I managed all my SSH hosts a .ssh/config file, so I could connect on the
command line with just a nickname.

Edit: this was all to manage an infrastructure for developing and hosting a
few dozen websites.

------
corrigatt
There is no good answer if you can’t set up a system that can manage temporary
access for your disparate employees. You can escrow the keys you need off a
master and set up hardware devices like yubikeys with word-based passwords
unless you want to teach people how to use gpg (you don’t). Then you can put
them in tamper evident bags and mail them. You can send unlock passwords once
receipt has been confirmed.

Order a laptop with enough USB port types for the systems being used by remote
employees in addition to an aegis secure thumb drive. Pull the hard drive and
wireless card from the laptop and boot from a Linux live CD for all of the
escrow. You can make a local git repo on the thumb drive for version control
and store the master as well as stubs, pubs, and private keys. Hell, put the
key card passwords in a file on there. Wgaf- that aegis device is going to
self-encrypt and format itself if you get the password wrong enough times.
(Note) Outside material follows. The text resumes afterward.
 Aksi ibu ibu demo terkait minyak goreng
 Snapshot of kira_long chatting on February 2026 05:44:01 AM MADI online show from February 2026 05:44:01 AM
This is all fun and good, but it doesn’t scale. What do you do when you have
20,30,40 employees? What happens when you hire Frank, the non-techie? That’s
the guy that needs this the most.

I guess a middle ground is to email out instructions for people to generate
key pairs with passwords, have them send in their public keys, and start using
something like sssd for ldap based auth where you can store their public keys
in their user attributes.

Anyway, it’s still a problem we’re all interested in a push-button answer to.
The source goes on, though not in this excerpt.